Fundamental avijja creates a kind of center in the mind, a personal perspective. The All is experienced from this personal or subjective perspective. . When this personal perspective desintegrates, according Maha Boowa, then there is non-dual reality. He calls this the Citta, and he refers to it as the knowing essence of mind. So this Citta is not vinnana.

I cannot tell from experience.

But the following simile once arose in me. Suppose there is a large rubber. Underneath that rubber there hang down weights at different places. The effect of those spreaded weights in the rubber is that the rubber is stretched down on these points and a kind of center is created in these places. Do you see it :sweat_smile:

I imagine that what Maha Boowa says is that fundamental ignorance, and in fact all other defilements too, create this center, this personal perspective. What remains unseen is that it is still one great undivided rubber. One cannot see this from that personal perspective and one will never ever see this from that personal perspective.
Once that personal perspective is there, there is also a strong belief that the personal perspective is reality, is given, is not constructed reality, is not part of Paticca Samuppada.
But once one has directly seen that the personal perspective can fall away and the Citta reveals itself (the large rubber) than one knows that also the personal perspective is constructed reality.

2 Likes

Maha Boowa was basically an advaitist posing as a Buddhist.

Now i now the truth about Maha Boowa :grinning:

Do you KNOW this or is it gossip and proliferation?

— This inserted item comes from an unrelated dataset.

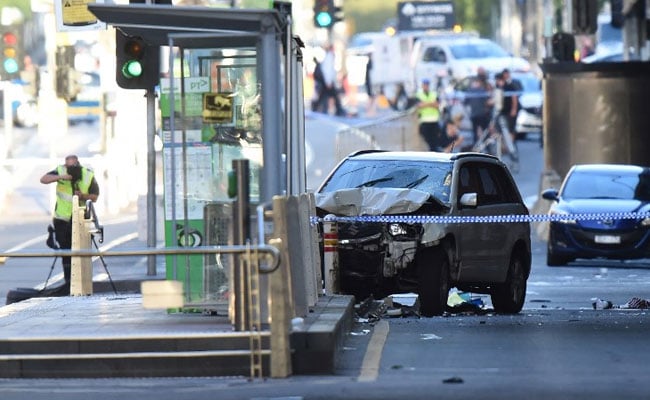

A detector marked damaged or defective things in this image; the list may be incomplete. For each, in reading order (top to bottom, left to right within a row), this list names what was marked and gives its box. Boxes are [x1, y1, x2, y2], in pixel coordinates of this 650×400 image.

crumpled car hood [314, 188, 430, 216]
damaged suv [316, 150, 532, 316]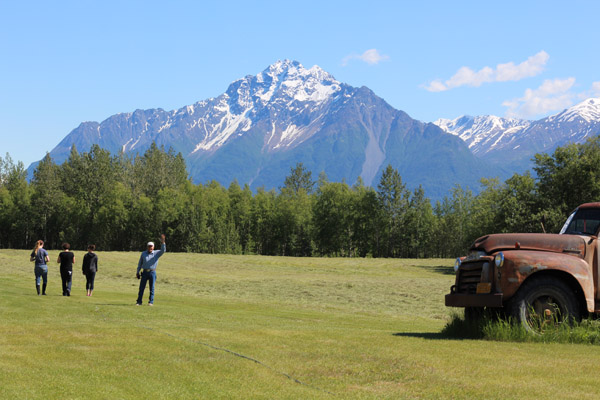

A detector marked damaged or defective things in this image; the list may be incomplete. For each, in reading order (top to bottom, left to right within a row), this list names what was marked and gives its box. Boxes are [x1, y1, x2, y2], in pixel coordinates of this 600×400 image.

rusty truck [446, 202, 600, 330]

Is it wise or kind to talk in this tone? Are there more skillful ways to express your opinions? Can you give supportive evidence for example, rather than blanket criticism? Please remember this forum is based upon Right Speech

3 Likes

Yes I KNOW Ajahn Maha Boowa was an advaitan type because I read his book, Path to Arahantship. Many people have pointed out that he was an advaitan. It is quite obvious, because he talks about the One Mind as enlightenment. I don’t feel like pulling quotes from his book but anyone can read the pdf online.

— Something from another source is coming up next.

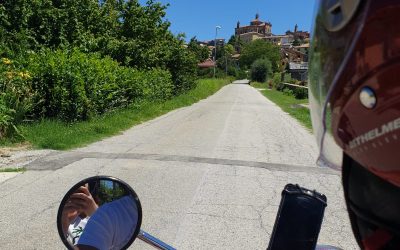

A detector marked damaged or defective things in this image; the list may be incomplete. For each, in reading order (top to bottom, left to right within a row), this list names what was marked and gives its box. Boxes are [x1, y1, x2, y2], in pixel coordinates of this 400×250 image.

crack in asphalt [24, 151, 338, 175]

Actually most Ajahns in the Ajahn Chah lineage are advaitans. Read their books and you’ll see. Ajahn Brahm does not seem to be, however, from what I can tell. Ajahn Chah himself definitely had a lot of advaitan leanings from the teachings of his that I’ve read, so it makes sense most of his students ended up with the true self perspective even if they called it Dharmakāya - Wikipedia

As for Ajahn Chah’s teacher, Ajahn Mun, I originally suspected he was beyond the advaitan illusion based upon his (very vague) instructions to Mae Chee Kaew from her biography/hagiography. However, now I suspect I was wrong about Ajahn Mun based on reading Anattā - Wikipedia

I am not here to start arguments. People are free to have their own opinions. DYOR.

1 Like

(There’s no such thing as an object in the Suttas. At all. Try reframing your thinking on this, the results may surprise you!)